Il faut dire que lesdits concurrents ne sont guère dangereux, à commencer par la joyeuse Karine-Anastasia Pourmieux (!), qui rit avant même de commencer.

Malgré une légère perte d'intensité, la dernière partie du film se laisse regarder, grâce à la musique disco, à la beauté de Mimi Coutelier et à la réussite de Chodaque, alors démissionnaire de la police, au « Je te tiens par la barbichette ». Il arrive à vaincre sans coup férir le coriace Drouillard, qui du coup en prend une crise cardiaque !

Bien entendu, la direction de la chaîne a décidé de garder le milliard récolté auprès des téléspectateurs à son profit, dès lors qu'elle s'est rendue compte que Grumet ferait un successeur tout à fait valable de Patrice Rengain pour présenter l'émission phare de la chaîne Disco City.

Quant à Rengain, il n'en sera pas tué pour autant, et on apprendra également la vérité au sujet de son enlèvement...

Question interprétation, outre les excellents Jacques François et Jean-Pierre Cassel, on remarque la présence inattendue de Carlos et de Mort Shuman, Micheline Presle en directrice financière d'AF4, le fidèle Daniel Prévost en producteur coléreux et nombre d'autres fameux acteurs : Marco Perrin en pompier qui empêche tout le monde de fumer sur le plateau, Claude Brosset, Georges Beller, Laurence Badie, Pierre Frag...

Petite merveille d'humour et de dérision, Je te tiens, tu me tiens par la barbichette, même revu près de quarante ans après sa sortie, a conservé son aspect véridique, et demeure un spectacle toujours très agréable.

Anecdotes :

  • Le nom de la chaîne n'a pas été choisi par hasard.

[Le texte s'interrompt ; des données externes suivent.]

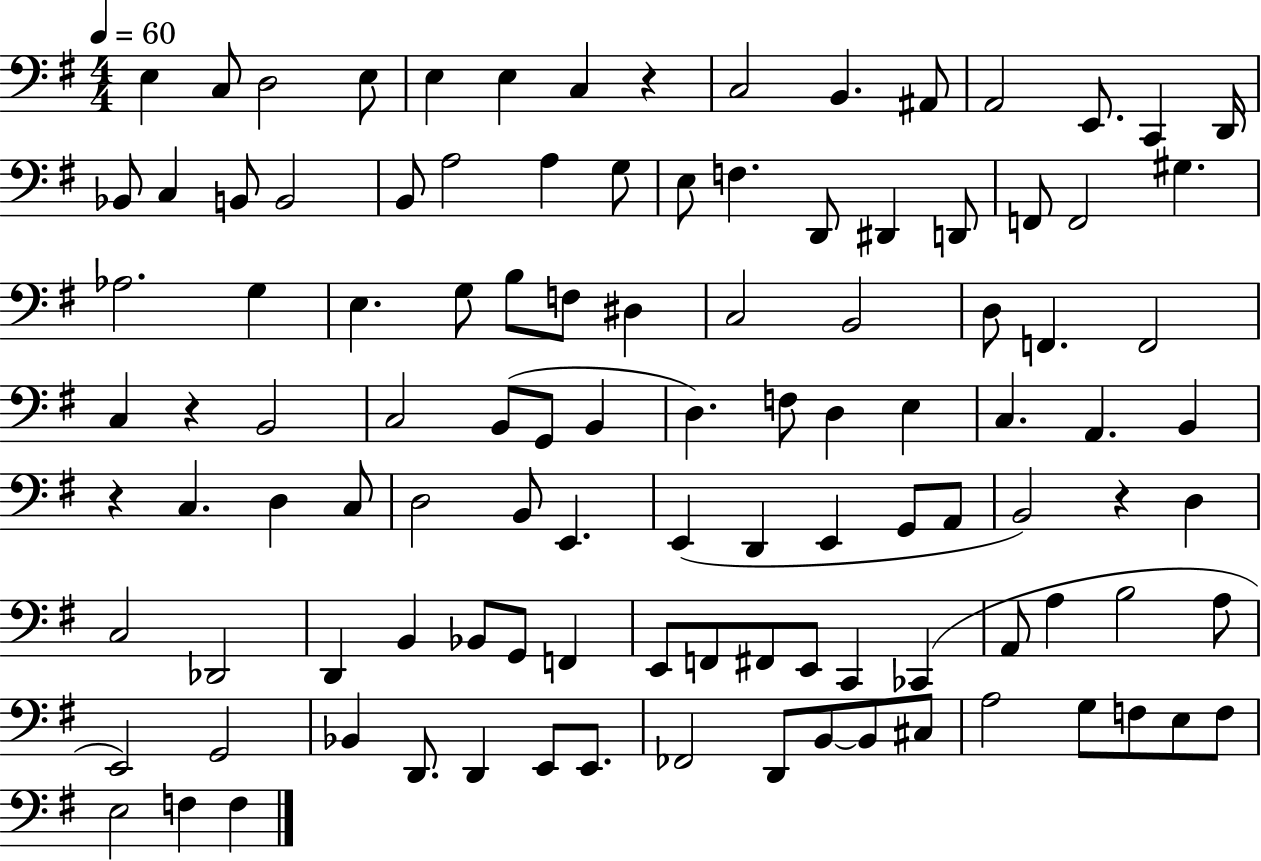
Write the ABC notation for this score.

X:1
T:Untitled
M:4/4
L:1/4
K:G
E, C,/2 D,2 E,/2 E, E, C, z C,2 B,, ^A,,/2 A,,2 E,,/2 C,, D,,/4 _B,,/2 C, B,,/2 B,,2 B,,/2 A,2 A, G,/2 E,/2 F, D,,/2 ^D,, D,,/2 F,,/2 F,,2 ^G, _A,2 G, E, G,/2 B,/2 F,/2 ^D, C,2 B,,2 D,/2 F,, F,,2 C, z B,,2 C,2 B,,/2 G,,/2 B,, D, F,/2 D, E, C, A,, B,, z C, D, C,/2 D,2 B,,/2 E,, E,, D,, E,, G,,/2 A,,/2 B,,2 z D, C,2 _D,,2 D,, B,, _B,,/2 G,,/2 F,, E,,/2 F,,/2 ^F,,/2 E,,/2 C,, _C,, A,,/2 A, B,2 A,/2 E,,2 G,,2 _B,, D,,/2 D,, E,,/2 E,,/2 _F,,2 D,,/2 B,,/2 B,,/2 ^C,/2 A,2 G,/2 F,/2 E,/2 F,/2 E,2 F, F,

Il fait penser à TF1, chaîne qui déjà à l'époque semblait être la plus avancée vers le monde de la télévision commerciale, et le numéro a bien sûr été choisi parce qu'il n'y avait que trois chaînes à l'époque du tournage.

  • Le petit doigt coupé de Patrice Rengain est évidemment inspiré par l'enlèvement du baron Empain.

  • 1978 fut l'année du triomphe de la musique disco dans le monde entier. Le film est placé tout entier sous le signe de cette mode, il suffit de regarder les décors avec boules à facettes et les tenues excentriques pour en faire le constat. Il n'en a que plus de mérite à avoir conservé malgré cela un côté intemporel.

  • On pouvait penser à l'époque du tournage que Jean Yanne exagérait ou caricaturait, mais la réalité a dépassé la fiction puisque certaines chaînes contemporaines vont désormais beaucoup plus loin que ce qui est montré dans le film, qui n'avait pas prévu les émissions faussement présentées comme de la « télé-réalité ».